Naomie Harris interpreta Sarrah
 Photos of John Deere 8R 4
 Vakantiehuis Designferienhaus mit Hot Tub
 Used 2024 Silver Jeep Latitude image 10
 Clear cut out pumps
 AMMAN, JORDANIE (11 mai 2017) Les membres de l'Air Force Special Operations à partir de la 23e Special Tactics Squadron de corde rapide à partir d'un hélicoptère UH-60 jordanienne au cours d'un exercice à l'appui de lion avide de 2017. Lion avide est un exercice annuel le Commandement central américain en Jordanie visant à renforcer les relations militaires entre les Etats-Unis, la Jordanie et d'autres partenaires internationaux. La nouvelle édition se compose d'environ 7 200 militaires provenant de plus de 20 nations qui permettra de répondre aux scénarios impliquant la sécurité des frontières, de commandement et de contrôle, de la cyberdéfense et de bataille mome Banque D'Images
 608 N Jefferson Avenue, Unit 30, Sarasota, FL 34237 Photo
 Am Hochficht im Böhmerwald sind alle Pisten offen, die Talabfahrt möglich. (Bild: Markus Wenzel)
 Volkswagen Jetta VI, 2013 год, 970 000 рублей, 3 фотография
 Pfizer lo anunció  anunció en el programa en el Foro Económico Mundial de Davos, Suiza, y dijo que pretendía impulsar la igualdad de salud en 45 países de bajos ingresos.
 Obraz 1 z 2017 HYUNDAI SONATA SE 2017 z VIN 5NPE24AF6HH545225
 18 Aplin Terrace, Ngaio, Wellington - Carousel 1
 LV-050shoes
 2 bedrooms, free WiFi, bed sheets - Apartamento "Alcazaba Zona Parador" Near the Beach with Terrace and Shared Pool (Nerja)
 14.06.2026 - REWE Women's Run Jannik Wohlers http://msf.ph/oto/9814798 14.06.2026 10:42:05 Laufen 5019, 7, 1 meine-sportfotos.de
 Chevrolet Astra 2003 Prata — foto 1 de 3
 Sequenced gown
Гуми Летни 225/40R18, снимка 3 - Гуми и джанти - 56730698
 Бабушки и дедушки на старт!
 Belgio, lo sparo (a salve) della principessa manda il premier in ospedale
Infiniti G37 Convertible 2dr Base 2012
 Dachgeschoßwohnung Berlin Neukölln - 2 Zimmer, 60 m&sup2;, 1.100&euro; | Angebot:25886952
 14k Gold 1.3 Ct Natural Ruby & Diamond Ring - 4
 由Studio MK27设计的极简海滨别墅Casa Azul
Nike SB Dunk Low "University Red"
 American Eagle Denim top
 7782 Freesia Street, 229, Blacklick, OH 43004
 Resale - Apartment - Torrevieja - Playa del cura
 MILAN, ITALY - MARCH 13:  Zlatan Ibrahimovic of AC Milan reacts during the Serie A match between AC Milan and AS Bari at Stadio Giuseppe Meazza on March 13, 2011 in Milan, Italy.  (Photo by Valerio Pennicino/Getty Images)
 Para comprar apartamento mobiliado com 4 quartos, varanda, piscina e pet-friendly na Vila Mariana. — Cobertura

* * * * * * *

**YOUR TASK:** Give again, exactly, every line from the one holding "14.06.2026 - REWE" to the last line of the data.

**OUTPUT BELOW:**
 14.06.2026 - REWE Women's Run Jannik Wohlers http://msf.ph/oto/9814798 14.06.2026 10:42:05 Laufen 5019, 7, 1 meine-sportfotos.de
 Chevrolet Astra 2003 Prata — foto 1 de 3
 Sequenced gown
Гуми Летни 225/40R18, снимка 3 - Гуми и джанти - 56730698
 Бабушки и дедушки на старт!
 Belgio, lo sparo (a salve) della principessa manda il premier in ospedale
Infiniti G37 Convertible 2dr Base 2012
 Dachgeschoßwohnung Berlin Neukölln - 2 Zimmer, 60 m&sup2;, 1.100&euro; | Angebot:25886952
 14k Gold 1.3 Ct Natural Ruby & Diamond Ring - 4
 由Studio MK27设计的极简海滨别墅Casa Azul
Nike SB Dunk Low "University Red"
 American Eagle Denim top
 7782 Freesia Street, 229, Blacklick, OH 43004
 Resale - Apartment - Torrevieja - Playa del cura
 MILAN, ITALY - MARCH 13:  Zlatan Ibrahimovic of AC Milan reacts during the Serie A match between AC Milan and AS Bari at Stadio Giuseppe Meazza on March 13, 2011 in Milan, Italy.  (Photo by Valerio Pennicino/Getty Images)
 Para comprar apartamento mobiliado com 4 quartos, varanda, piscina e pet-friendly na Vila Mariana. — Cobertura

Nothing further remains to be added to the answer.